Celia broke away first. “We can’t stay in here,” she said. She wiped her lips on the back of her hand. She took her thumb and rubbed it against the bottom of mine.

“Wait, Celia,” I said, trying to stop her.

But she left the room, shutting the door behind her.

I closed my eyes, unsure how to get a handle on myself, how to quiet my brain.

I breathed in. I opened the door and walked right up the steps, taking them two at a time.

I opened every single door on the second floor until I found who I was looking for.

Don was getting dressed, shoving the tail of his shirt into his suit pants, as a woman in a beaded gold dress put her shoes on.

I ran out. And Don followed me.

“Let’s talk about this at home,” he said, grabbing my elbow.

I yanked it away, searching for Celia. There was no sign of her.

Harry came in through the front door, fresh-faced and looking sober. I ran up to him, leaving Don on the staircase, cornered by a tipsy producer wanting to talk to him about a melodrama.

“Where have you been all night?” I asked Harry.

He smiled. “I’m going to keep that to myself.”

“Can you take me home?”

Harry looked at me and then at Don still on the stairs. “You’re not going home with your husband?”

I shook my head.

“Does he know that?”

“If he doesn’t, he’s a moron.”

“OK,” Harry said, nodding with confidence and submission. Whatever I wanted was what he would do.

I got into the front seat of Harry’s Chevy, and he started backing out just as Don came out of the house. He ran to my side of the car. I did not roll down the window.

“Evelyn!” he yelled.

I liked how the glass between us took the edge off his voice, how it muffled it enough to make him sound far away. I liked the control of being able to decide whether I listened to him at full volume.

“I’m sorry,” he said. “It isn’t what you think.”

I stared straight ahead. “Let’s go.”

I was putting Harry in a tough spot, making him take sides. But to Harry’s credit, he didn’t bat an eyelash.

“Cameron, don’t you dare take my wife away from me!”

“Don, let’s discuss it in the morning,” Harry called through the window, and then he plowed out, into the roads of the canyon.

When we got to Sunset Boulevard and my pulse had slowed, I turned to Harry and started talking. When I told him that Don had been upstairs with a woman, he nodded as if he’d expected no less.

“Why don’t you seem surprised?” I asked as we sped through the intersection of Doheny and Sunset, the very spot where the beauty of Beverly Hills started to show.

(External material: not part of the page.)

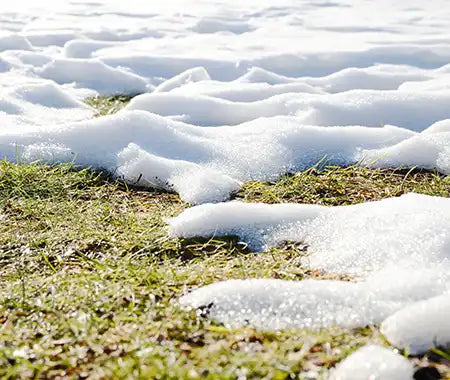 Schmelzender Schnee auf Rasen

The streets widened and became lined with trees, and the lawns were immaculately manicured, the sidewalks clean.

“Don has always had a penchant for women he’s just met,” Harry says. “I wasn’t sure if you knew. Or if you cared.”

“I didn’t know. And I do care.”

“Well, then, I’m sorry,” he said, looking at me briefly before putting his eyes back on the road. “In that case, I should have told you.”

“I suppose there are lots of things we don’t tell each other,” I said, looking out the window. There was a man walking his dog down the street.